Ces éléments ne sont pas, à vrai dire, d’une radicale nouveauté, déjà présents antérieurement, à droite comme à gauche, ils n’avaient pas la simplicité et la clarté qu’a su afficher le nouveau pouvoir comme autant de signes manifestes d’une volonté d’aller de l’avant.
Deux traits sont particulièrement frappants dans le style du nouveau pouvoir : un alignement de plus en plus étroit du discours politique sur la logique émotionnelle et spectaculaire des grands médias audio-visuels ; une façon de gouverner proche du management des entreprises qui se veulent à la pointe de la modernité.
Le président se place au centre de l’espace médiatique, multipliant les déclarations et les déplacements personnels sur tous les fronts, en veillant à la diffusion d’images et de messages « forts » qui meublent l’actualité et suscitent des commentaires redondants. Sachant que les grands médias audiovisuels sont friands d’« authenticité émotionnelle », le nouveau pouvoir a poussé jusqu’au bout la logique compassionnelle présente antérieurement en multipliant les déclarations en faveur des victimes les plus diverses. Les interventions du chef de l’État dans ce domaine font écho aux émissions télévisuelles qui étalent quotidiennement la subjectivité souffrante, donnent un large écho aux plaintes de toute nature avec des journalistes et des personnalités du show-biz qui enfourchent le rôle militant de défenseur des malades et des opprimés.

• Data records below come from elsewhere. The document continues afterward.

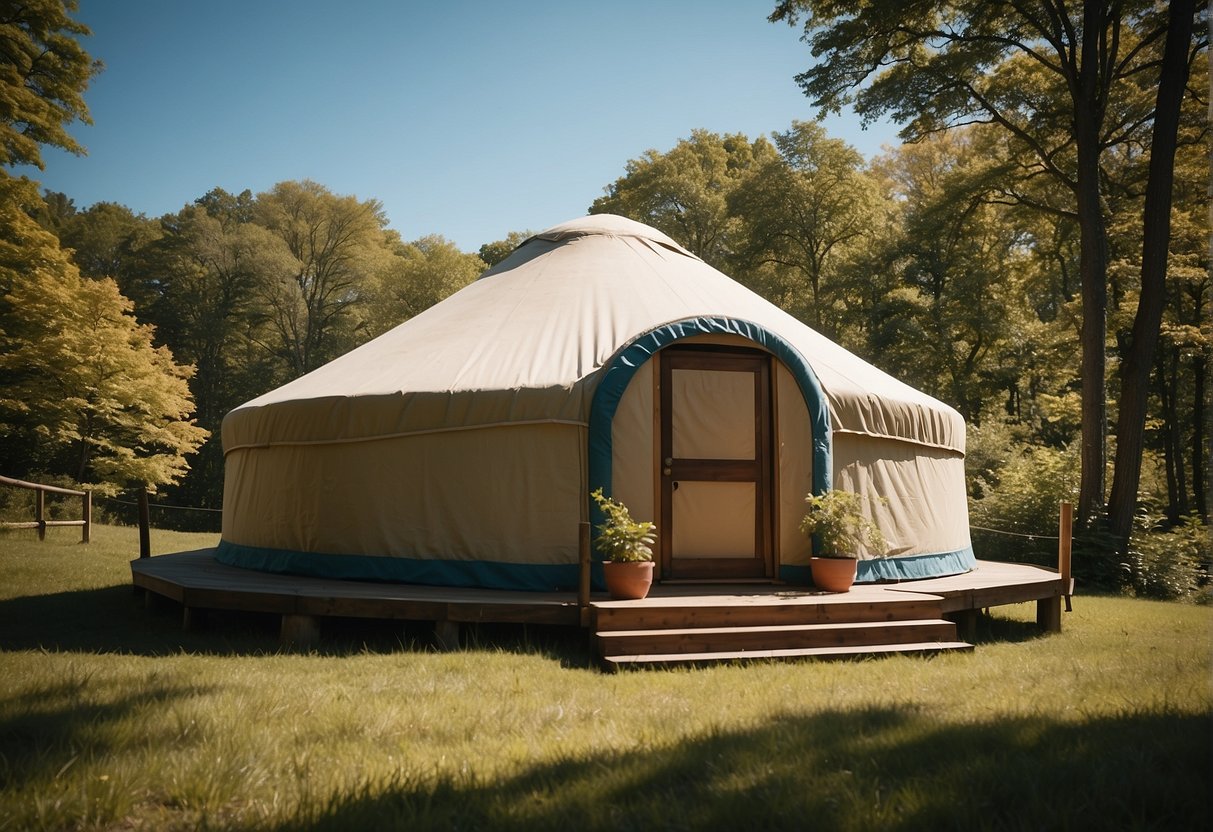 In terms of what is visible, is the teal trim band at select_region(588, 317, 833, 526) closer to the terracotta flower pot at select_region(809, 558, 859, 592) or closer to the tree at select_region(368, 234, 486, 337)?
the terracotta flower pot at select_region(809, 558, 859, 592)

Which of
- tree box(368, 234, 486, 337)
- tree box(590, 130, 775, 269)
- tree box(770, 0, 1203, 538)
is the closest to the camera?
tree box(770, 0, 1203, 538)

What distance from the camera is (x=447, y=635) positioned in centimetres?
465

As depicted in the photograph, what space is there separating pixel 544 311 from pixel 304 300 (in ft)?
62.9

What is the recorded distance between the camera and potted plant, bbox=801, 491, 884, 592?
5.26 meters

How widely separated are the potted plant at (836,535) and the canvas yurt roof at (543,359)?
648 mm

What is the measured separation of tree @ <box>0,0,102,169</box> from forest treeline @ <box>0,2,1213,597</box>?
0.82 ft

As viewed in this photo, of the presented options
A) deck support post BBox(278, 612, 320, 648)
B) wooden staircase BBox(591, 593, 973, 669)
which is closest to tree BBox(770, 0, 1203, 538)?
wooden staircase BBox(591, 593, 973, 669)

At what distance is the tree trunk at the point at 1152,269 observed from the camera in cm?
941

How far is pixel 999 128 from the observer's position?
553 inches

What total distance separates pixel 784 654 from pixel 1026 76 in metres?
10.7

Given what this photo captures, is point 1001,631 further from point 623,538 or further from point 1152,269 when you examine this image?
point 1152,269

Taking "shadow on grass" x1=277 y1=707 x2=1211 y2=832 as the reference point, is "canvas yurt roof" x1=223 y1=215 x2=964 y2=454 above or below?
above

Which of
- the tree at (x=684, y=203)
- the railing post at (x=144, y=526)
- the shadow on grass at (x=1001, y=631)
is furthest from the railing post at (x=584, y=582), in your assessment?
the tree at (x=684, y=203)

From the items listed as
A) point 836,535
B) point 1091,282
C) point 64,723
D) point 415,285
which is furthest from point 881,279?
point 64,723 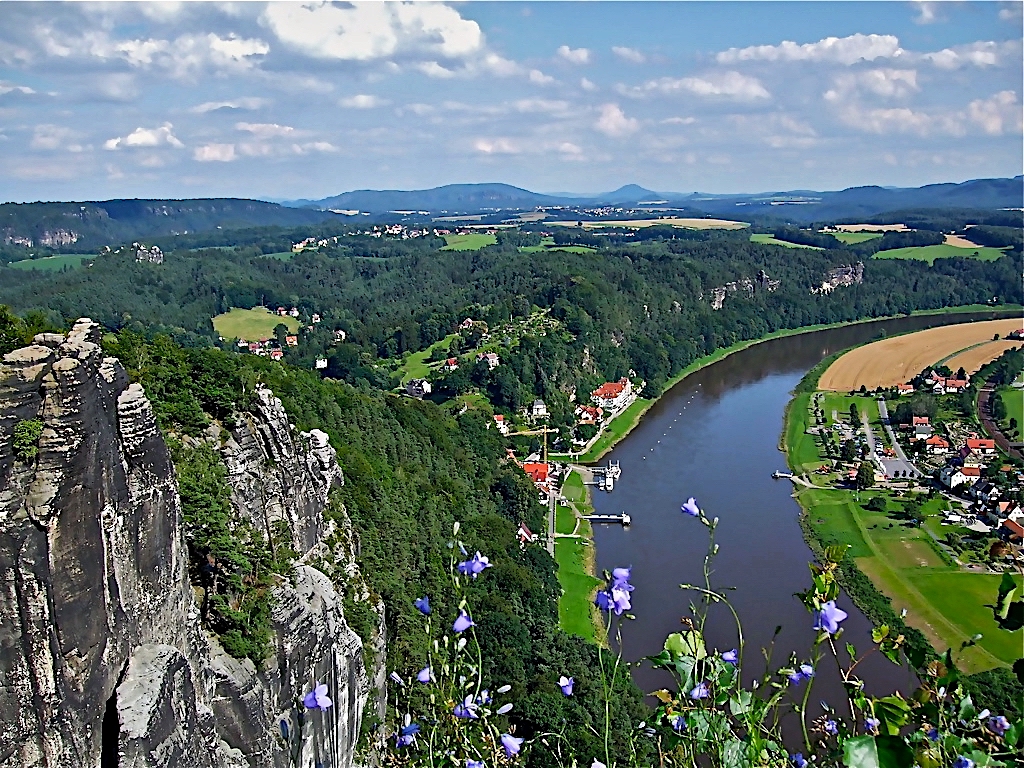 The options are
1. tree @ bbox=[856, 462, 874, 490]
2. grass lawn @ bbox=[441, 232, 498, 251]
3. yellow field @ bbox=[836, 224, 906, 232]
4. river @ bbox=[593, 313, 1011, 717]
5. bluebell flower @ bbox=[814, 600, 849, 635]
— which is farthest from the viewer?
yellow field @ bbox=[836, 224, 906, 232]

Le chef de l’État répond aux sollicitations des victimes en bousculant la justice, s’investit pratiquement dans des dossiers qui relèvent traditionnellement de ministères particuliers, s’implique dans les tentatives de résolution immédiate des multiples problèmes surgissant au gré de l’actualité et des faits-divers. Cette hyperactivité et cette manière de passer outre les responsabilités, l’expérience et les compétences présentes dans les différents ministères, ne sont pas sans rappeler la figure du jeune manager dynamique et performant, dirigeant ses subordonnés avec une motivation sans faille, remettant en cause les habitudes de travail et les organisations bureaucratiques dans une logique de performance totale au service du client-roi. Dans cette logique, la nation tend à être conçue sur le modèle d’une entreprise (l’« Entreprise France ») et la politique sur celui du management. La mise en scène politique et médiatique de l’activisme et de la compassion et peuvent jouer un rôle cathartique dans l’instant pour une société désorientée. Mais à l’image des spectacles et des vedettes de télévision, ils sont vite oubliés. Ses effets ne peuvent qu’être de courte durée et nécessitent donc un renouvellement incessant.